Mose Whipple had lifted his head in apprehensive inquiry at the sound of the footsteps outside the door of the cabin. He sprang to his feet when the sharp knock on the door followed. Holding a hand downward with outspread fingers as a warning to silence, he tiptoed out to the middle of the room, then paused and listened.
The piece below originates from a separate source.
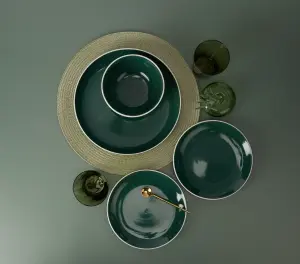 12 Piece Emerald Green Dinner Set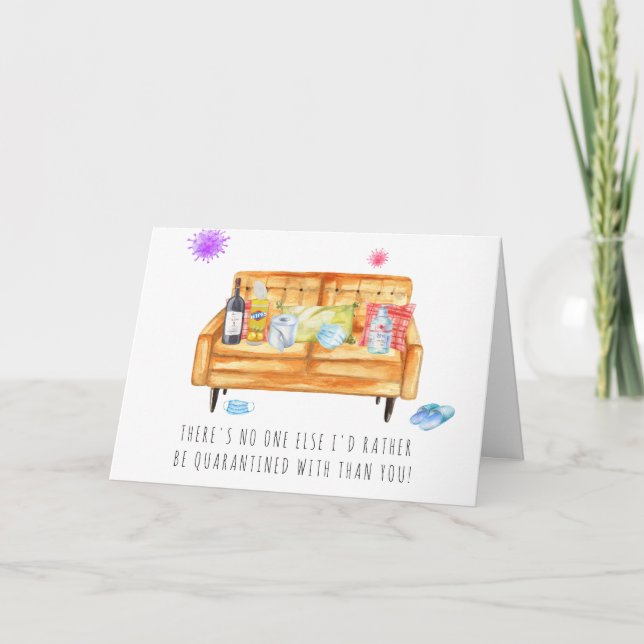 Cartes Pour Fêtes Annuelles En Quarantaine Avec Toi| Funny Valentine (Devant)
The knock came again, bolder and more peremptory still.

Vague notions of resistance were shaping themselves in Mose's mind. He glanced up at the shot-gun hanging on the chimney behind the stovepipe, and in another instant had it down, with his thumb on the hammer.

"Loaded?" he asked in a whisper, testing the percussion-cap with his nail.

The old man nodded. Then he, too, laboriously rose to his feet. Bent as his form was, he stood a taller man than his son. He rested one hand on the table for support, and stretched out the other with a masterful gesture.

"Gimme that Gun!"

"Gimme that gun!" he said, in brusque command. Then covering Mose from head to foot, he added, slowly, "I'd ruther have starved a hundred times over than had you do this sort o' thing!"

Mose had sheepishly laid the weapon on the table. He walked now with a sullen air to the door, lifted the hook, and put his hand on the latch.

"Let me in out of the cold, can't ye?" a shrill voice complained outside. "It's only me, you gump!"